Module 02: Dynamic DAGs, Discovery, and Integrity¶

Page Maps¶

graph LR
  family["Reproducible Research"]
  program["Deep Dive Snakemake"]
  section["Dynamic Dags Discovery Integrity"]
  page["Module 02: Dynamic DAGs, Discovery, and Integrity"]
  capstone["Capstone evidence"]

  family --> program --> section --> page
  page -.applies in.-> capstone

flowchart LR
  orient["Orient on the page map"] --> read["Read the main claim and examples"]
  read --> inspect["Inspect the related code, proof, or capstone surface"]
  inspect --> verify["Run or review the verification path"]
  verify --> apply["Apply the idea back to the module and capstone"]

Module 01 taught you how Snakemake plans work from explicit file contracts. Module 02 asks the harder question:

what happens when the set of jobs is not fully known until the workflow starts looking at data?

This module is about making that situation reviewable instead of magical.

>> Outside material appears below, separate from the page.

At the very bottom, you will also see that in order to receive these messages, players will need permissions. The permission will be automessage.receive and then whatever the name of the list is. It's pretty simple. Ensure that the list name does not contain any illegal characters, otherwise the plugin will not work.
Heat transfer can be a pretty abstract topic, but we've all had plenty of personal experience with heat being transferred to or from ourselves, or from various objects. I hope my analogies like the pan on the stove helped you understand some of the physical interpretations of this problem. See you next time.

Dynamic behavior is not the enemy. Hidden discovery is.

What this module is for¶

By the end of Module 02, you should be able to explain five things in plain language:

how a changing sample set becomes an explicit target list instead of ambient filesystem luck
how wildcard domains stay narrow enough to prevent accidental fanout
what a checkpoint is allowed to discover and what it must never hide
which artifacts make dynamic behavior durable enough for review and downstream trust
when environment design and job granularity help the workflow, and when they quietly make it worse

Study route¶

flowchart TD
  start["Overview"] --> core1["Deterministic Target Lists and Sample Discovery"]
  core1 --> core2["Wildcard Domains and Fanout Control"]
  core2 --> core3["Checkpoints and Reviewed DAG Changes"]
  core3 --> core4["Provenance, Manifests, and Publish Boundaries"]
  core4 --> core5["Software Stacks and Scheduler Cost"]
  core5 --> example["Worked Example: Making Checkpoint Discovery Reviewable"]
  example --> practice["Exercises"]
  practice --> answers["Exercise Answers"]
  answers --> glossary["Glossary"]

Read the module in that order the first time through. When you return later, jump to the page that matches the failure or design pressure in front of you.

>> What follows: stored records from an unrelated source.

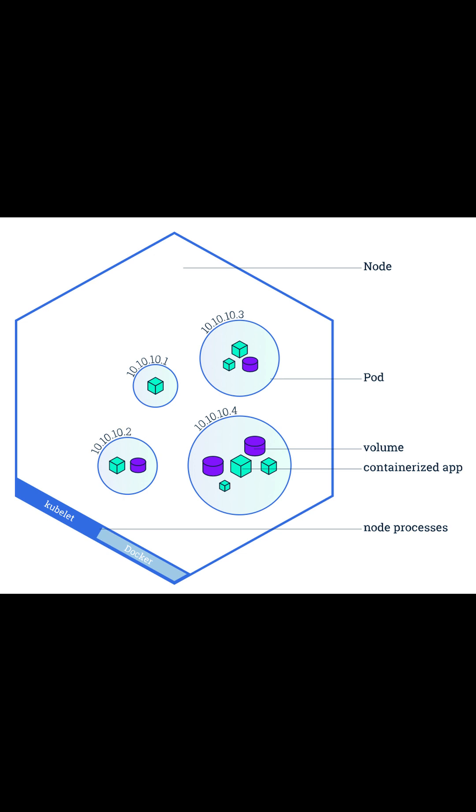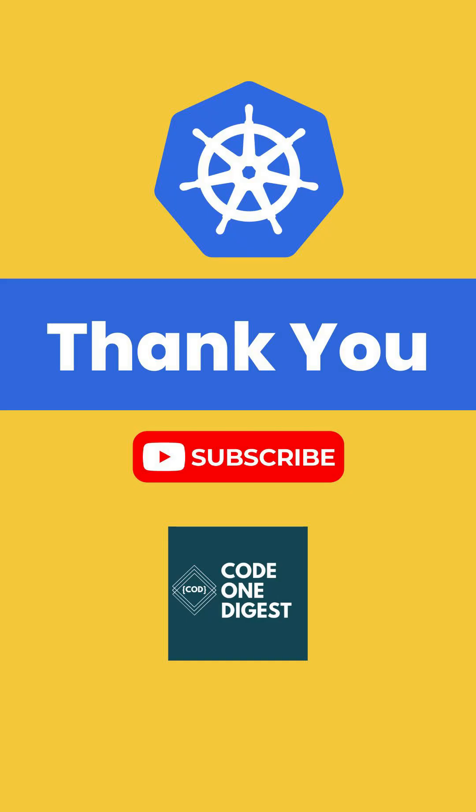Here is the hierarchy: a worker node can have multiple pods, a pod can run multiple containers, and ideally one container runs one instance of your application.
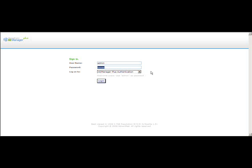The second login is the helpdesk technician login, where the technician uses their AD credentials to log into AD Manager Plus and perform the tasks delegated to them. The third login is the domain user login, where end users or domain users can change their contact and address attributes. Let's log in as an administrator.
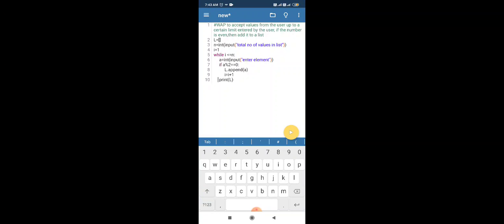If a modulus 2 equals 0, we append the value. Then we increment i to move to the next value. Now we run this program.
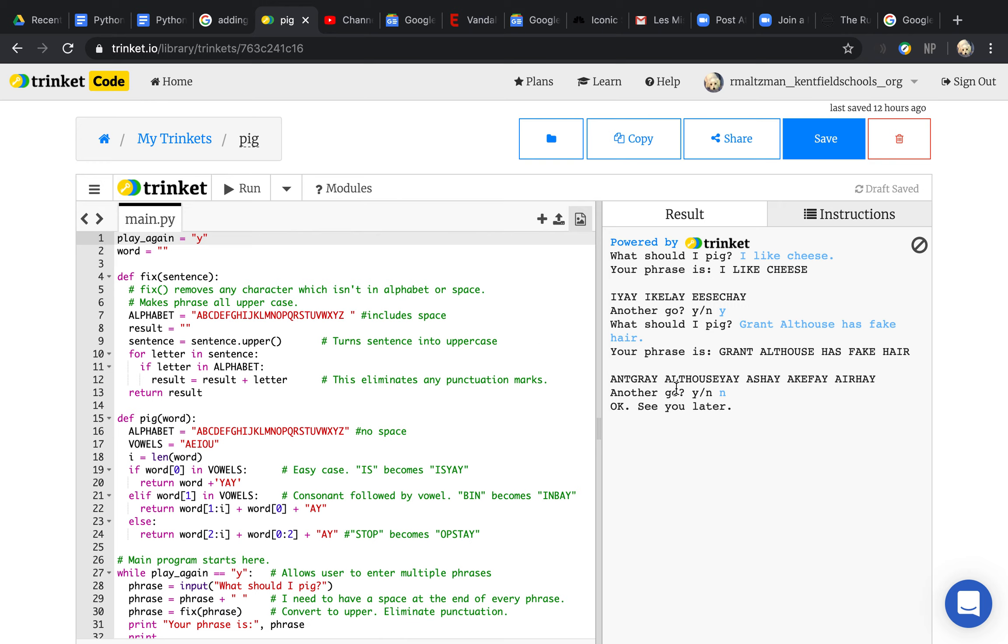Because if you didn't do that, if you say Grant Althouse and you have some capital letters and some lowercase letters like you do here, it will mess it up when you turn it into Pig Latin.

The ten files in this module¶

How to use the file set¶

If you need to...	Start here
stop discovery from drifting with directory noise or unordered scans	Deterministic Target Lists and Sample Discovery
prevent wildcards and `expand()` from creating nonsense work	Wildcard Domains and Fanout Control
decide whether a checkpoint is the right tool or a design smell	Checkpoints and Reviewed DAG Changes
make dynamic behavior visible to reviewers and downstream consumers	Provenance, Manifests, and Publish Boundaries
keep environments and job granularity from turning correctness into slowness	Software Stacks and Scheduler Cost
see the module as one repaired workflow rather than five isolated rules	Worked Example: Making Checkpoint Discovery Reviewable
test your own understanding	Exercises
compare your reasoning against a reference answer	Exercise Answers
stabilize the module vocabulary	Glossary

The running question¶

Carry this question through every page:

if discovery changes the DAG, what exact artifact lets another person review that change later?

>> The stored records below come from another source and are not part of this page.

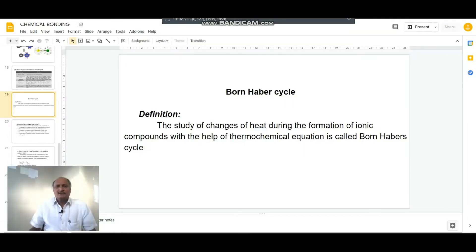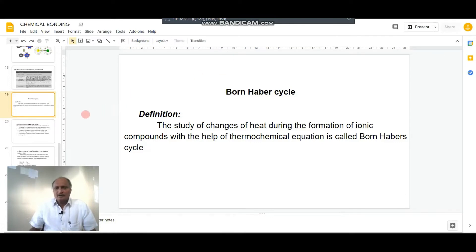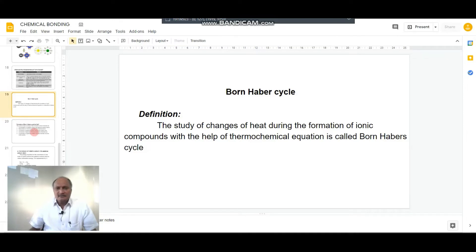Born-Haber cycle is defined as the study of changes of heat during the formation of an ionic compound with the help of a thermochemical equation.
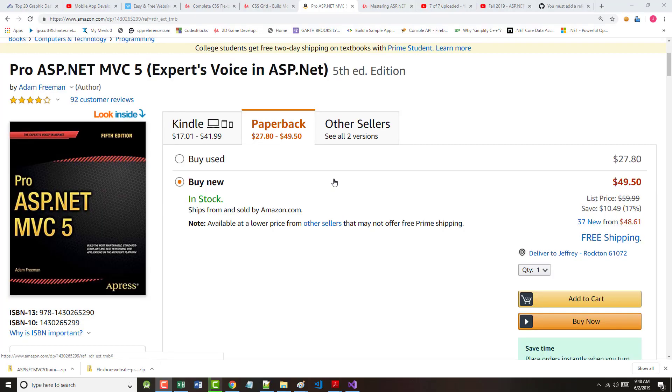Hello once again. This is Jeff Scott of Rankin Technical College. As part of the Rankin Technical College AWD, or Application and Website Development Program, and in particular, the AWD1111.NET Framework with Web Databases class, I've been preparing a set of video presentations for the textbook we'll be using for this class for the fall 2019 semester.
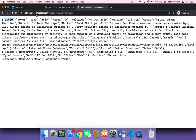The JSON object has a lot of information: the title, the year, the rated, the released, the runtime, the genre, the director, the actors, the plot, and more. We also have the IMDB ID, the rating, the language, and the country. We also have the awards and the language. We can access all of these using dot notation followed by the name of the key.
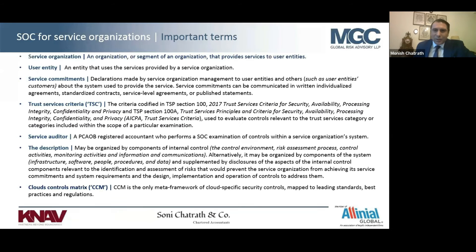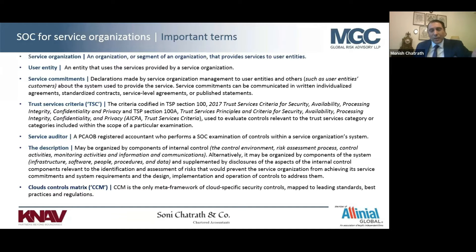I'm going to cover the intricacies of SOC by focusing on terms, and by letting you know where we find organizations falling short — not being able to take full advantage of a SOC attestation, or even getting ready for SOC.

Good Module 02 answers usually mention one or more of these:

a concrete discovered-set file
a validated target list
a wildcard boundary that limits what can be claimed
a checkpoint output that is durable enough to reread
a publish or provenance artifact that preserves the run story

The running example¶

This module keeps returning to one simple workflow shape:

raw sequencing files appear in data/raw/
the workflow discovers which samples exist
per-sample jobs fan out from that discovery
the discovered set is recorded before downstream work trusts it
a publish surface carries that discovery forward for review

That shape is small enough to teach, but realistic enough to reveal the real design mistakes people make with Snakemake.

Commands to keep close¶

These commands form the evidence loop for Module 02:

snakemake -n
snakemake --summary
snakemake --dag | dot -Tpdf > dag.pdf
snakemake --lint
snakemake --list-changes params input code

They answer different questions:

what would run
which files Snakemake believes it owns
how the current jobs relate
which design smells are already visible
which tracked changes justify reruns

Learning outcomes¶

By the end of this module, you should be able to:

materialize a deterministic target list from changing data
constrain wildcard domains so the DAG matches the real problem
use checkpoints to reveal dynamic structure instead of hiding it
explain how discovery, provenance, and publish artifacts fit together
recognize when too many environments or too many tiny jobs are degrading the workflow

Exit standard¶

Do not move on until all of these are true:

you can explain one discovery route without saying "Snakemake just figures it out"
you can show where the discovered set is recorded and why that location matters
you can describe one checkpoint that is justified and one that is really a smell
you can say which artifacts are internal execution state and which are safe to publish
you can explain one performance repair without weakening workflow truth

When those become ordinary, Module 02 has done its job.